Beats aren't lonely

I'm rarely attracted to peppy pop music. Except for, y'know, peppy power pop with understated monster hooks. J. Marco's sensibilities are of a time (the mid 80s, my high school salad days) that really appeals to me. How someone his age could put together a set of bashy new wave-ish rockers is beyond me.

J. Marco

Marco is based in Nashville, and I assume he's familiar with the work of Charlie Sexton. These songs are poppier than Sexton's exceedingly poppy debut album, but he's got the buzzsaw rhythm and ringing lead guitar (obviously influenced by Mike Campbell) that characterized that album.

More interesting to me, however, is the obvious influence of the Cure. In fact, I haven't heard an album that owes so much to Kiss Me Kiss Me Kiss Me in ages. Marco's vocals are completely straightforward and unaffected, but the keyboard-laced guitar sound is an almost dead ringer for the poppier songs on that set.

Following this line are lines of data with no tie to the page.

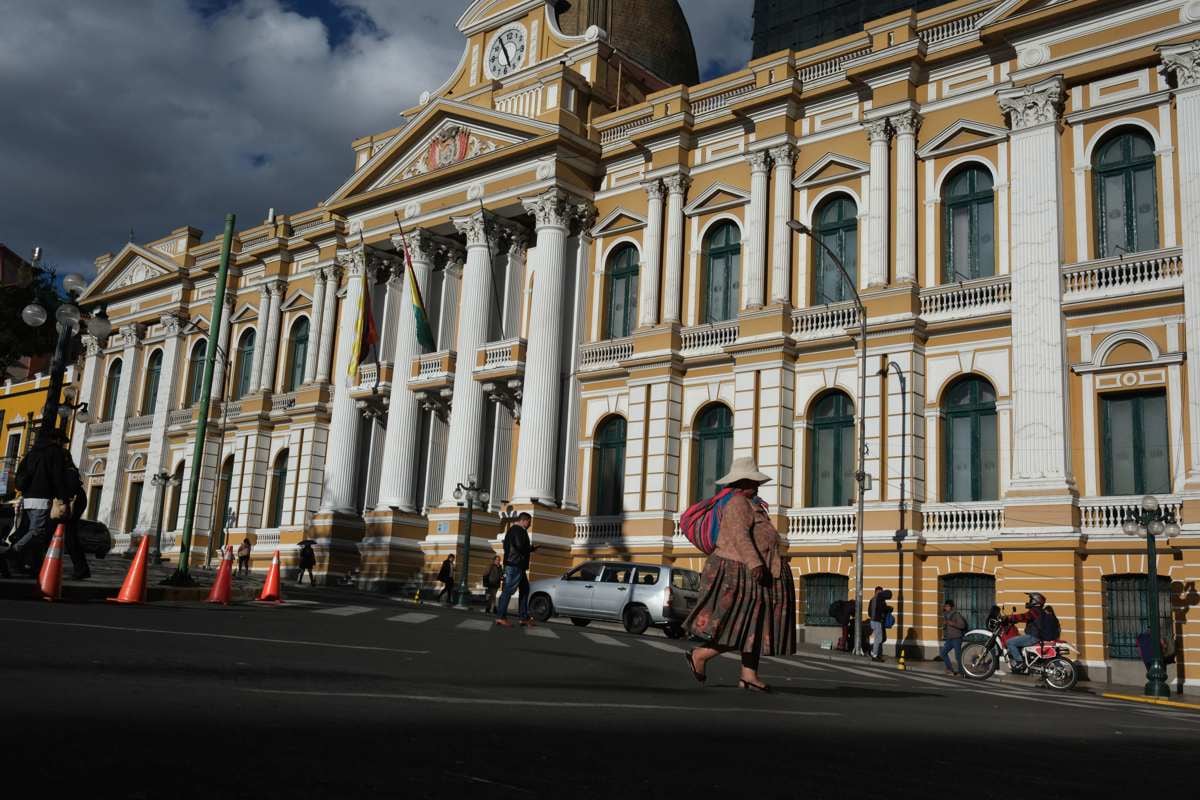 Una mujer aimara camina frente al Palacio Legislativo este miércoles, en La Paz (Bolivia). Un proyecto de ley presentado en Bolivia que plantea la posibilidad de esterilizar de manera obligatoria, bajo control judicial, a mujeres en situación de calle ha desatado el rechazo de la Defensoría del Pueblo y organizaciones de derechos humanos, que advierten de que la medida vulneraría derechos fundamentales. EFE/ Luis Gandarillas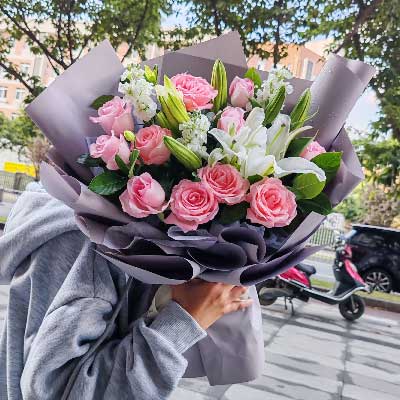 徐州11朵戴安娜粉玫瑰百合，与你一起追逐梦想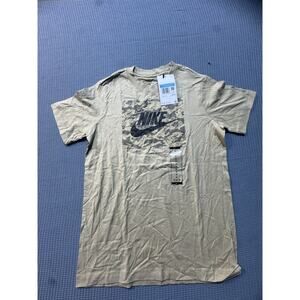 Nike Swoosh Tee Kids Sz M Brand New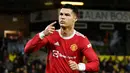 Cristiano Ronaldo - Megabintang yang telah menginjak usia 37 tahun ini nampaknya belum habis. Meski klubnya saat ini Manchester United sering menunjukan performa naik turun. Namun CR7 tetap menjadi tumpuan Setan Merah dalam urusan mencetak gol. (AFP/Daniel Leal)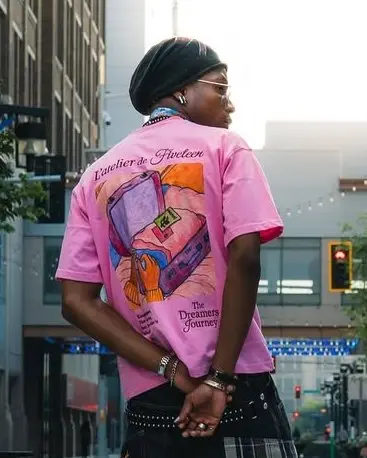 Back of the oversized pink graphic tee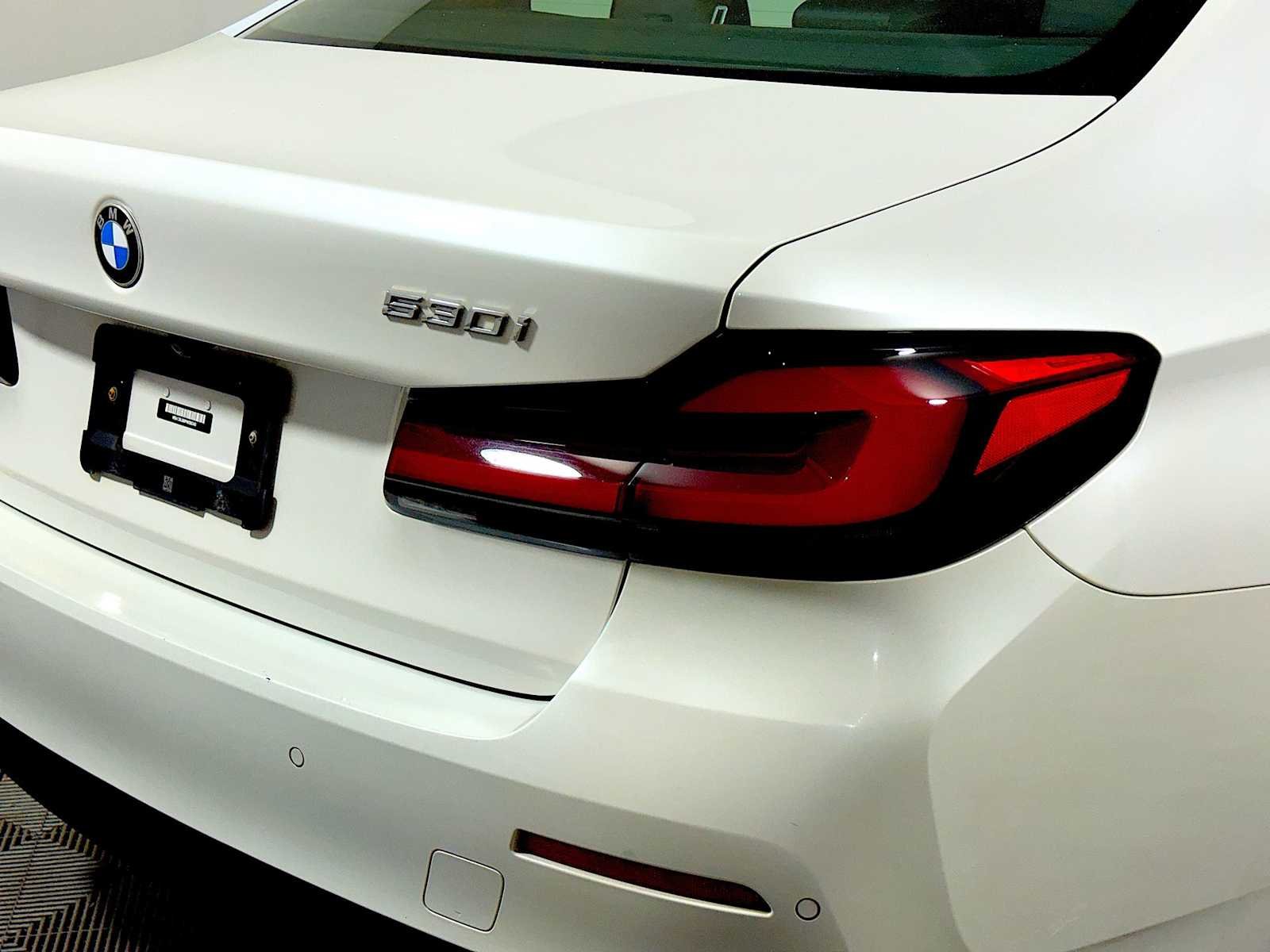 Used 2023 Mineral White Metallic BMW 530i xDrive image 28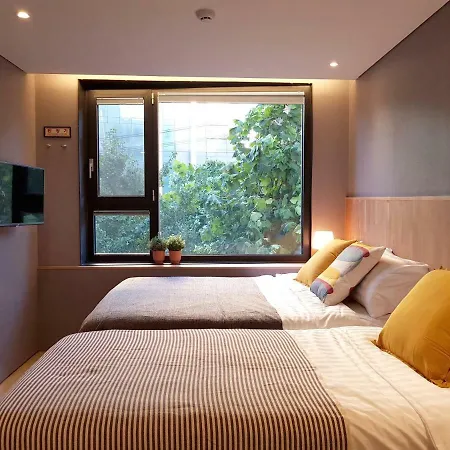 Hostel Cleo Seoul Hongdae Exterior photo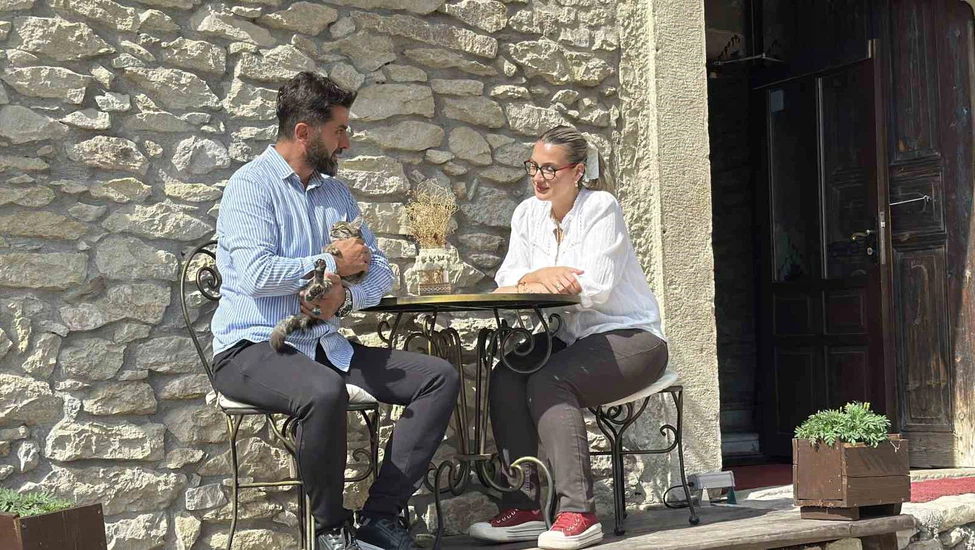 Pasta Süsünü Çikolata Sandı, Nefessiz Kaldı!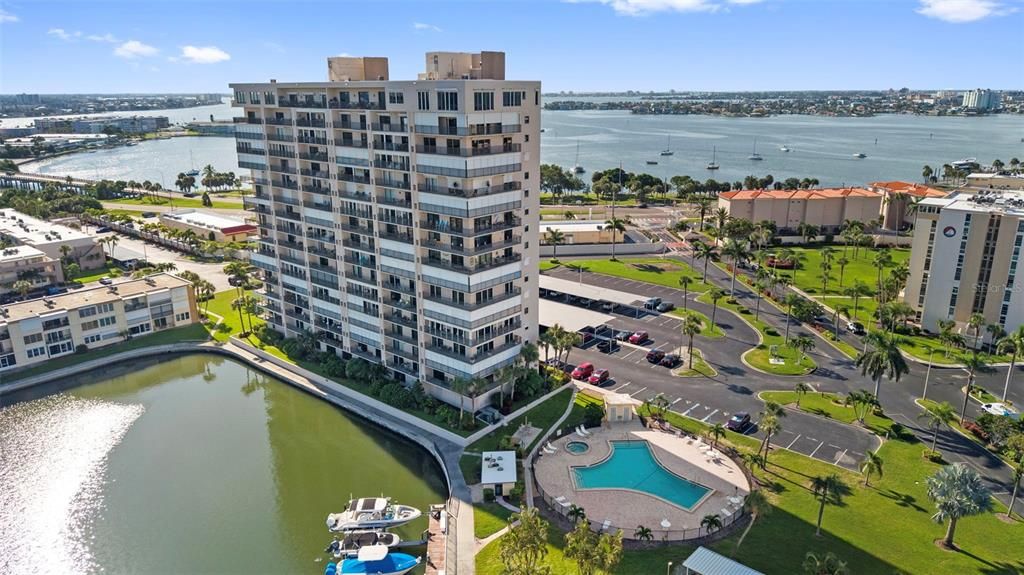 For Sale: $430,000 (2 beds, 2 baths, 1310 Square Feet)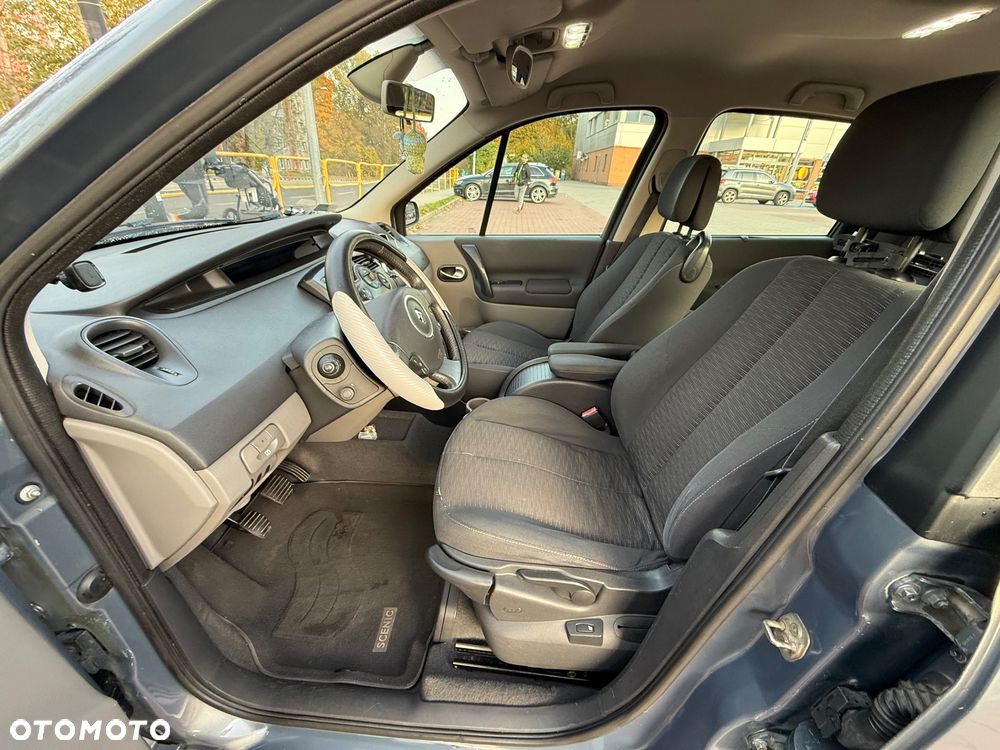 Renault Grand Scenic Gr 2.0 16V Emotion - 12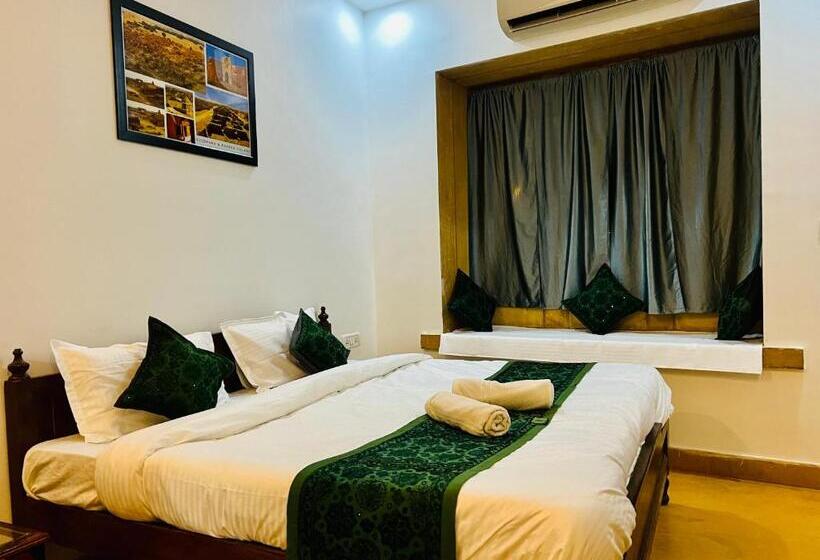 Quarto Estandar, Dara & Camel Safari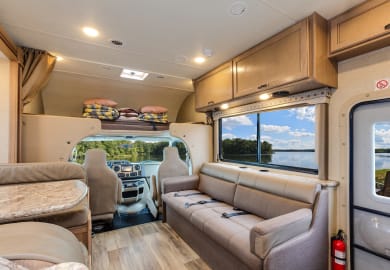 Four Seasons C-XLarge Motorhome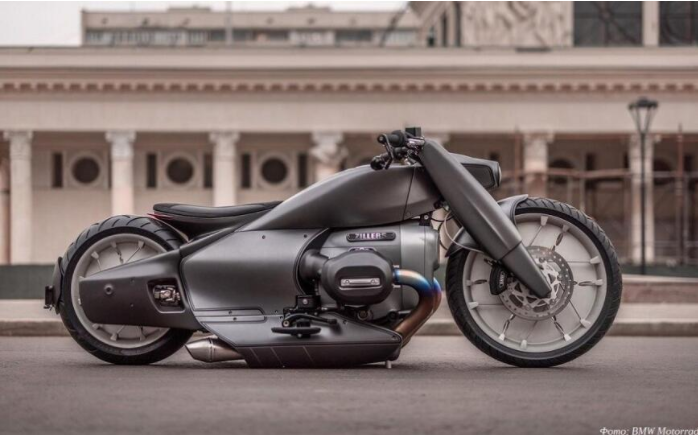 俄罗斯制造宝马R 18 定制款摩托车，采用3D打印尾灯售价44万元起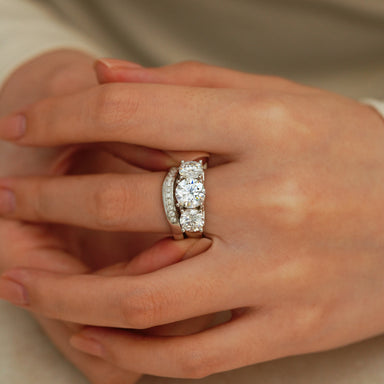 'INFINITE' MOISSANITE RING SET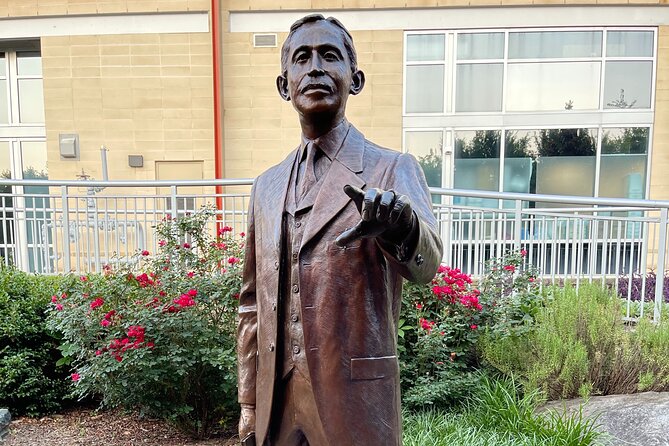 Sunset Walking Tour: Bronze Statues Tell the Story of Charlotte - Exploring Charlottes History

Marco is peppier than Robert Smith in every way, so much so that I imagine a lot of people will look at this sideways after they give this a listen. That's cool. If you want to think of this as the "Heartbreaker Cure," you're on the right track. That's a marriage few have contemplated, I think.

It's not always a mistake to go back to the 80s. J. Marco shows just how fun such an excursion can be. Now, if he could only get Giorgio Moroder to do a few remixes, we might be in heaven.